As at September 30, 2016, industry regulator, Potraz (Postal Telecommunication Regulatory Authority of Zimbabwe), indicated that active mobile telephone subscriptions stood at 12,9 million, giving a mobile penetration rate of 94,8 percent.
Similarly, Internet subscriptions stood at 6,7 million people, or 50 percent.
This simply represents an available infrastructure that the RBZ can use as a vehicle to deliver financial inclusion.
However, there is a big problem: Interoperability, the ability of mobile banking platforms to entirely open up to the Zimswitch Shared Services platform of banks, and vise-versa.
Although various banks, through ZIPIT (ZimSwitch Instant Payment Interchange Technology), offer mobile money services, the movement of money among such services is not as convenient and as cheap as consumers would expect.

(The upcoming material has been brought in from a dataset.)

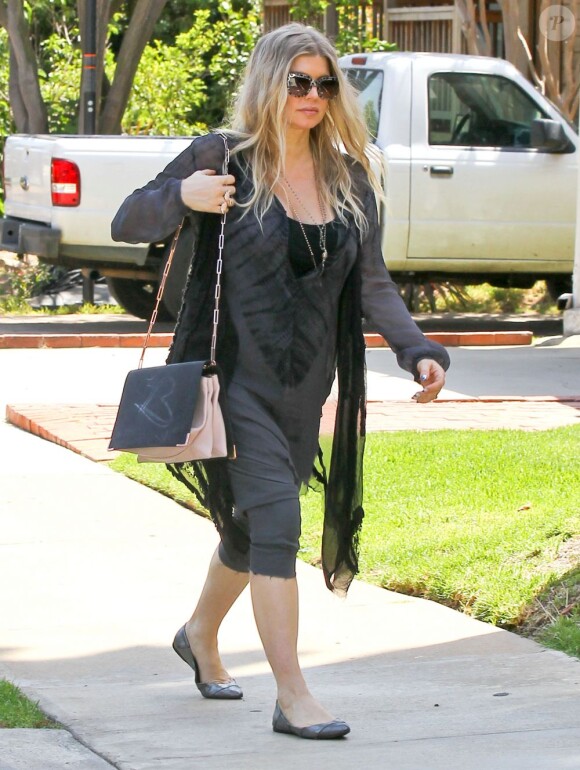 Exclusif - Fergie, enceinte dans les rues de Los Angeles, le 30 mai 2013.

There needs to be a system where depositors can simply transfer money from their bank accounts to their mobile phone wallets at little or no cost at all.
Conversely, the reverse should be made possible, and this can only take place is a system that is highly interoperable.

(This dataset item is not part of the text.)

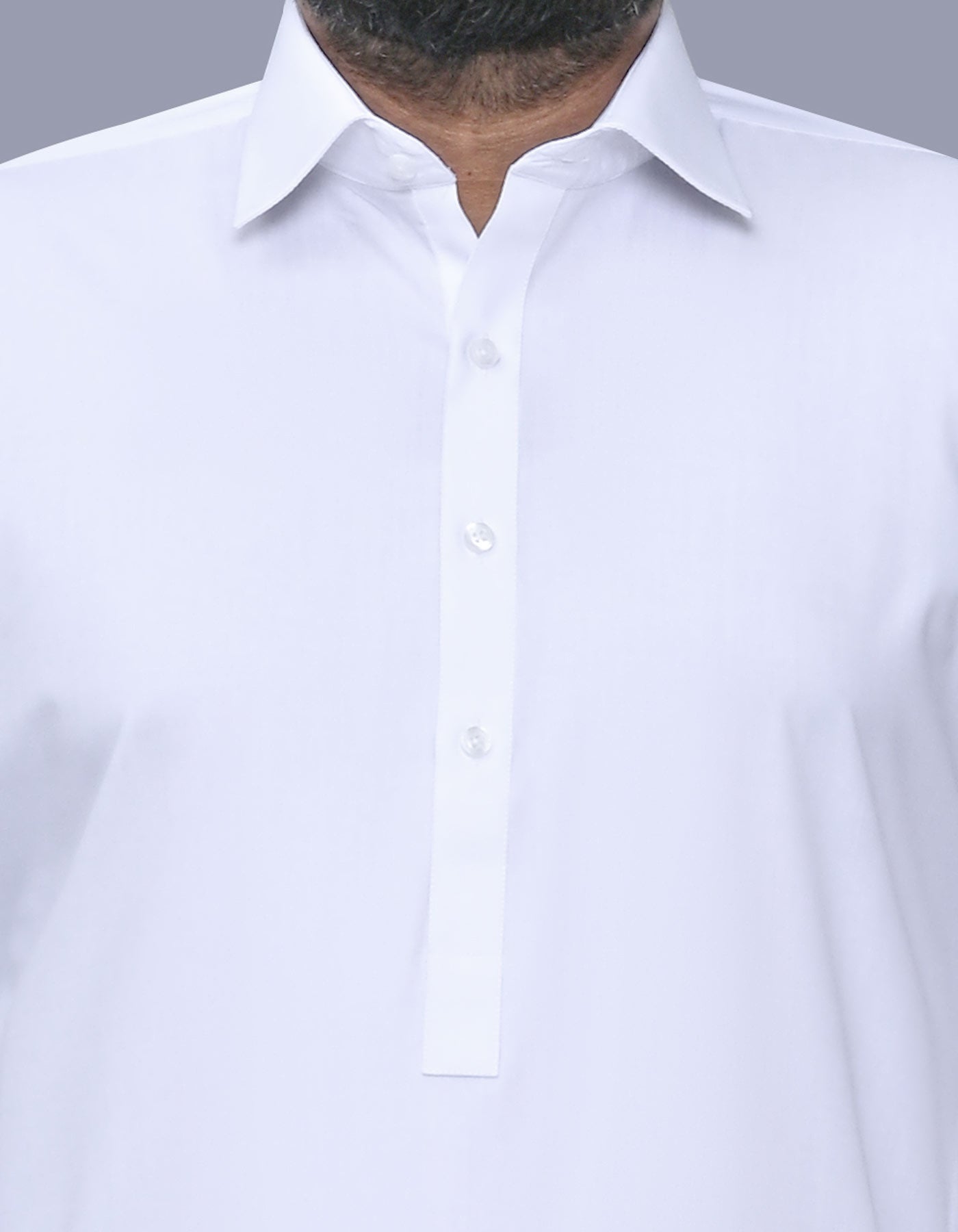 Off White Plain Kameez Shalwar KS2526S-S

The RBZ therefore needs to caucus with Zimswitch and mobile companies – Econet Wireless Zimbabwe, NetOne and Telecel – to explore ways of creating a platform where this would work.

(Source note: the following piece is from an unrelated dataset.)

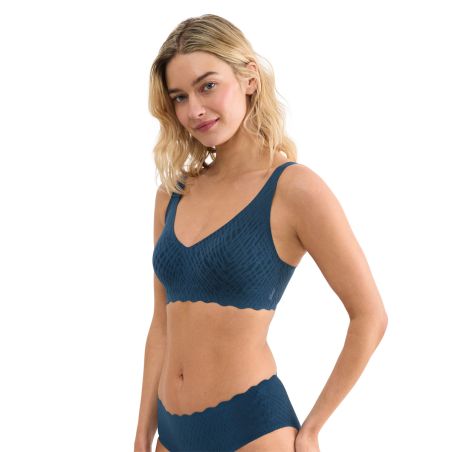 Sloggi Dames Zero Feel Bliss Soft Bra Smokey Blue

Under the current system, the apex bank also needs to convince the operators transacting with the national payment system to move from a margin-based business to a volume-based business model.
Technology essentially maximises on efficiencies and reduces costs.
The current scenario where Steward Bank – majority-owned by Econet – charges US$1,25 to move money from one’s bank account to EcoCash, which is also a unit of Econet, is disheartening.
Such services should be free.
The more banks and mobile phone companies open up, the more the transactions and business, which is a win-win for everyone.
Bank queues simply represent an opportunity that can be monetised.
If the central bank succeeds in making it easy for the transacting public to move money between their mobile phone wallets and bank accounts, it will then need to invest to make sure that there is infrastructure for the public to easily use their mobile phones to transact – seamlessly and hassle free.
Instructively, Econet tried this with its Near Field Communication (NFC)-enabled technology called Ecocash Ta!
Through a sticker that is attached to the mobile phone and automatically linked to the wallet, a consumer can simply tap on the vendor or merchant’s micro Point of Sale (POS) device and the payment is automatically deducted from the wallet.
This suits the informal sector quite well. But as usual, investment in such hardware and software – which is once-off anyway – has to be made.
Educational and marketing campaigns to a population that is made up of digital immigrants (those new to technology) and digital natives (the tech-savvy youths) in equal measure also has to be financed.
It is definitely a worthy investment for the central bank. Main-streaming transactions, besides shedding pressure off the conventional banking system, helps policymakers to trace transactions and plan accordingly.
For the consumers, it helps build traceable transactions and a payment history that can be used as collateral.
In an age where the world is talking about the Fourth Revolution, which is driven by technology and innovation, there is need for the RBZ to change from being a technophobe institution to one that is technophile.
It is all about brain, not brawn. Sweden’s central bank – the Riksbank – has moved in the right direction.
Statistics show that in 2016 cash transactions made up barely 2 percent of the value of all payments made in Sweden.
Also, 900 of Sweden’s 1 600 bank branches no longer keep cash or take cash deposits.
Swedish buses are no longer taking cash, while retailers are “legally entitled” to refuse cash.
Even churches prefer card or phone payments.
This phenomenon speaks less of Sweden’s affluence than it does of its dogged commitment to become a cashless society.
It’s time for the RBZ to be pro-active in linking the various local payment systems that currently exist on the local market.
Leaving this to the caprices and whims of profit-driven business is not a sound strategy.
Quite frankly, it’s time the central bank comes from behind the curve, and take its rightful role to lead.